44.6 miles (71.3) — Whistling Pass. Elevation: 7,545 feet (2,263.5 metres)

[8– Scarab Lake below Mt Haiduk]

This is a good place to have lunch overlooking the lake, before going on to Ball Pass Junction.

Three and a half miles and 1,250 feet (375m) of descent from the pass is Ball Pass Junction Campground, a beautiful, quiet, scenic timberline site featuring some picnic tables, so called because it lies at the intersection of two major trails.

48.0 miles (76.8) — Ball Pass Jct. Campground. Elevation: 6,300 feet (1,890 metres)

Banff National Park is finally left for Kootenay National Park at Ball Pass which lies 1.5 miles (2.4 km) and 1,000 feet (300m) above the campground. The view from the pass is dominated by Mount Ball, a distinctive, bulky peak capped with a curving white glacier.

Mount Ball was named by James Hector in 1858. Ball, John (John Ball was Under-secretary of State for the Colonies and was influential in obtaining funding for the Palliser Expedition; first president of the Alpine Club (London)).*


Research: *Peaks of the Canadian Rockies (

Photo Credits: [1][2][3][4][5][7][8]-by brilang-CC=nc-sa-flickr; [6]-by wikipedia.


David Cranmer said...

I wonder if the marmots are welcoming visitors or telling them to get lost?

Tess Kincaid said...

Ahhh...more breathtaking Canadian loveliness!

Charles Gramlich said...

That Marmot looks like a stuffed animal almost.

Those are some impressive peaks.

laughingwolf said...

lovely, but i know better than to be reckless around mountains, what with avalanches in winter and landslides other times...

the small town of 'frank', bc, was totally buried under rock and mud, though i think one person survived

Gary's third pottery blog said...

can you imagine rolling around in snow on a summer day?

Barbara Martin said...

David, I would suspect the latter. They don't know if humans would trap them for food. Grizzlies find them tasty.

Willow, agreed.

Charles, well it's certainly filled itself up for the coming winter hibernation.

Tony, sometimes I wonder about the hiking photos I find where they are walking up or down a scree slope. All it takes is one misstep and down they go to the bottom, or over an edge. Just because there appears to be a well trod path does not mean its safe.
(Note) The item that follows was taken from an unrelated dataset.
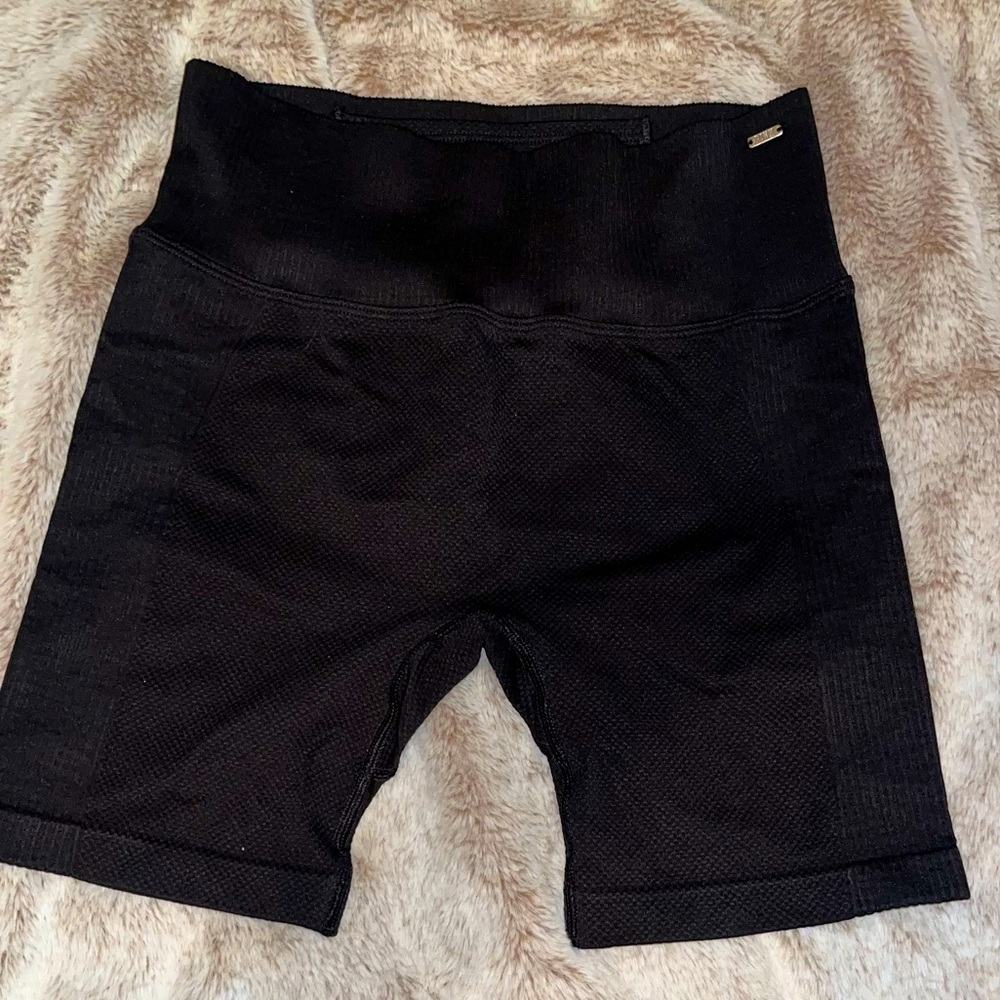 PINK SEAMLESS HIGH WAIST 6" TEXTURED RIB BIKE SHORT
The Frank slide was a situation waiting to happen. For visitors, a mining company decided to begin digging despite warnings from the local aboriginals. One night a goodly portion of the front of Frank Peak came sliding down to cover the town.

Gary, yes, I've done it at the edge of the highway 1A when it was the major road through the Rockies.

sateesh bandi said...

Super Canada !! would love to see them...

Wynn Bexton said...

Aren't we blessed to live in such a rich, beautiful country?

Barbara Martin said...

Sateesh, one day your dreams may come true.

Wynn, we certainly are.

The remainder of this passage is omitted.